Tanzimat’la başlayan Türk modernleşmesi aynı zamanda Kürt halkına karşı yapılmış zulümlerin modern tarihçesidir. Şüphesiz ki, Türk modernleşmesinin bir tarihi olan Cumhuriyet, kendi devlet paradigmasını kurarken, insan gücü olarak kendisine yetersiz kalmıştır.
Bu yüzden Türk ulusu, Cumhuriyet’in kuruluş döneminde Kürt halkına karşı timsah gözyaşlarıyla bir yakınlık sergilemiştir.
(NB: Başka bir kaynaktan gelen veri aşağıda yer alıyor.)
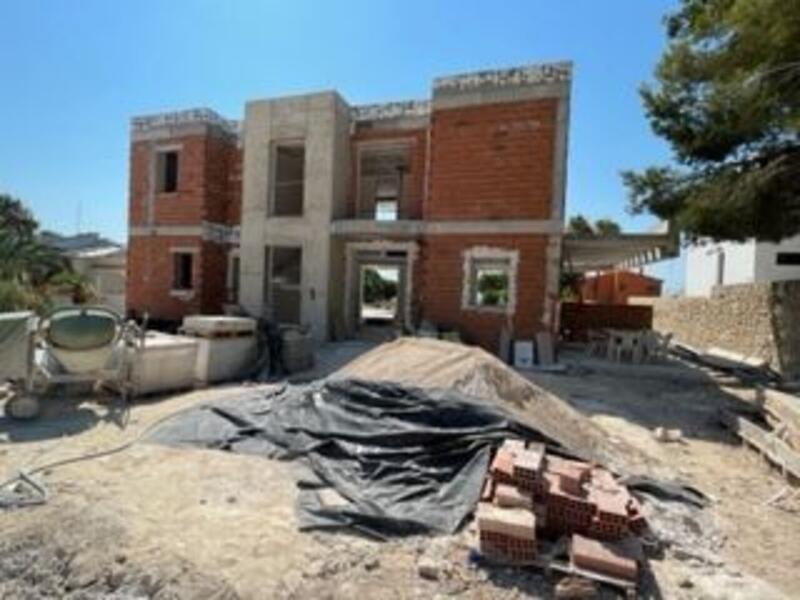 5 bedroom Villa for sale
Tarih karşısında modern millet yapısını oluşturan Türk ulusu, Kürt halkına maddi ve manevi olarak verdiği zararlarla; ulusal konuda zihni ve ahlaki bir acımasızlığın temsilcisi olmuştur.
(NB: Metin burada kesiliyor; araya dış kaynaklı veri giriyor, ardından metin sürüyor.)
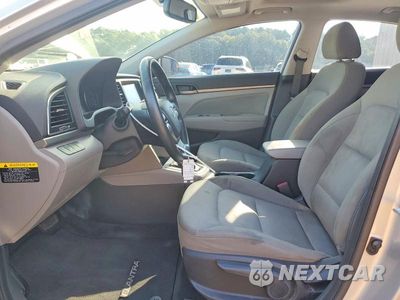Zdjęcie 7 z 12 samochodu: 2018 HYUNDAI ELANTRA VALUE EDITION VIN:5NPD84LF2JH278971 - miniatura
Uygarlık sahnesinde katliamlarla ve sürgünlerle birlikte sadece yaşamak için; yeri geldiği zaman savaşan, yeri geldiği zaman kendini savunan Kürt halkı, yönünü ve yörüngesini yitiren Cumhuriyet’in acımasız hedefi olmuştur. Oysa ki, Türk devletinin kurulması için, saf duygularıyla kandırılan Kürt halkı, bugün varolan Türk devletinin önemli kahramanlarıdırlar.
Cumhuriyet’in kuruluş döneminin tek parti zihniyeti olan ve aynı zamanda faşizmin idarileşmiş kurumu olan Türk devleti; Kürt halkına her zaman tepeden inme bir inkârla, Kürt halkının varlığını kabullenmemiştir. Fakat doğruların hiçbir zaman çürütülememesi, zorba güçle yükselen ulusların çöküşünü doğrulamıştır.
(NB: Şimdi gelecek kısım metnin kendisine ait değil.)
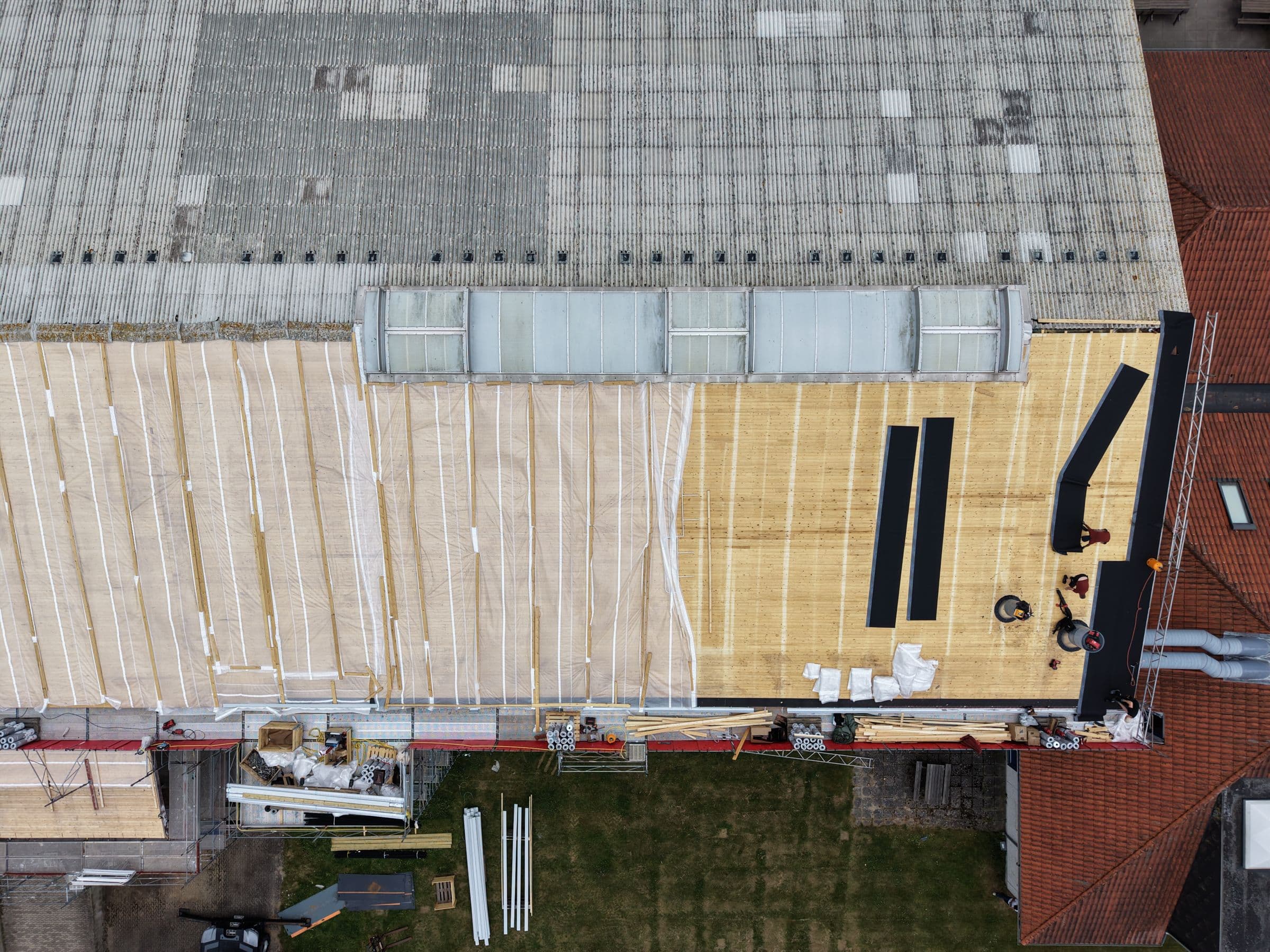 Dronefoto: nyt tag, solceller og den gamle tagflade side om side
Özgür olmayan bir halkın karşısında, kendisini özgür zanneden hiçbir halk ve ulus gerçek anlamda özgürlüğü yaşayamaz ve baki kalamaz. Bugün dünya arenasında, ulusal bir erk olarak tanınan Türkler; tarihsel gerçeklerle yüzleştiklerinde, varoldukları bu gücün altında yatan felsefik ve politik gücün asıl sahiplerinin, Kürt halkı olduğunu kabullenmekten kaçamayacaklardır.
Türk devleti adına bir tarihi yazılı hale getiren kadim bir güç olan Kürt halkı, bu hakikatin; “tozlu raflarda açılıp okunması korku uyandıran” cesur mümessilleridirler. Tarih yazımının günümüze kadar resmi tarih amaçlarıyla yazılması, gerçek tarihin her zaman resmi mantığı aşmış bilinçler tarafından sonradan öğrenilmesine ve yazılmasına yol açmıştır.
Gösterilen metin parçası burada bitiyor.